Despite going through an extensive consultation process, Abdou found herself in the middle of a controversy after the book was published.
In Case I Go is the story of a young boy named Eli. He and his parents return to their small hometown where Eli befriends Mary, a Ktunaxa girl. Haunted by the mistakes of his ancestors, Eli tries to find a way to move forward.
One of the first people Abdou reached out to for feedback was her cousin, Cree novelist, Frank Busch. Initially, she had written Mary as a ghost. Busch said that needed to change.
"He said, 'She has to be grounded in this world, just as Eli, your young character. He's haunted by the past but he's also grounded in this world.' So that was one of the major rewrites I did, as a result of Indigenous consultation," Abdou said.
There were even more changes after Abdou met Natasha Burgoyne, the cultural liaison with the Ktunaxa Nation Council. Abdou wanted to be respectful in writing her book but admitted she felt some trepidation over the consultation process.
"I do not work well with others and I think I became a novelist because it is such solitary work," she said. "So, when I went and sat down with a cultural liaison the first time, I look across the table to a woman who is younger than me, a woman who hasn't written fiction before. And part of me was, 'Oh and she's gonna tell me how to do my novel,' like I had that kind of resistance at first," Abdou said.
But her perspective changed as her meetings with Burgoyne continued.
Abdou also met with Ktunaxa elders and recalled an experience with Alfred Joseph, a Ktunaxa Chief. Joseph told her about people in the community who have the ability of what he called "talking to the old people".
"Then he described a place that a woman he knew of used to go to talk to the old people. And the place he described was exactly like the place in my book and he hadn't read my book. So Natasha and I looked at each other and she said, 'Do you have goosebumps?' and I said "I have goosebumps'. And he said if that place is in your book, this book is a gift from our ancestors and you're supposed to write it and I don't know why. But you have my blessing," Abdou recalled.
But not everyone was happy with Abdou. She faced backlash online after the book's release.

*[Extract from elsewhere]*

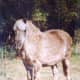 princess_our_pony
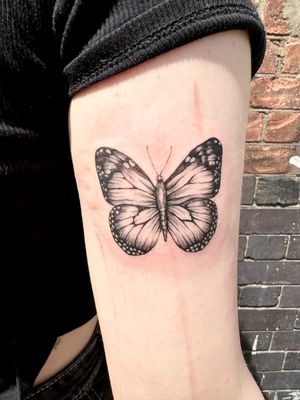 Microrealism - butterfly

"I think the controversy is not really about my book," Abdou said. "I wrote an article for the Quill & Quire, a two-page little essay, talking about my consultation process. I felt like I had a really great experience and I learned so many new things and I wanted to share them. So that was the good part of my motivation for that essay," she said.
Abdou admitted there were other motivations, like selling her book. She also wanted get ahead of the criticism, aware some people were going to be upset with her for including Ktunaxa characters in her novel. She said it was the two secondary motivations that may have clouded her good intentions. The non-Indigenous author was told she had no business writing a book with Ktunaxa characters and the Ktunaxa name.
"And that I shouldn't have written the essay about consultation without having consulted and just that I have no place in the conversation," Abdou said.
Abdou still reflects on the words Chief Joseph spoke to her, that there was a reason for her to write this novel but he wasn't sure why. Abdou is still trying to figure that out, too.
"I think I'm in a long learning process and I think it's part of the process Canada is going through. To be kind of shaken up and be knocked down and change the way we think and see things and find new ways of doing things. So it may be a long answer to that question. I think I'm at the very start of it."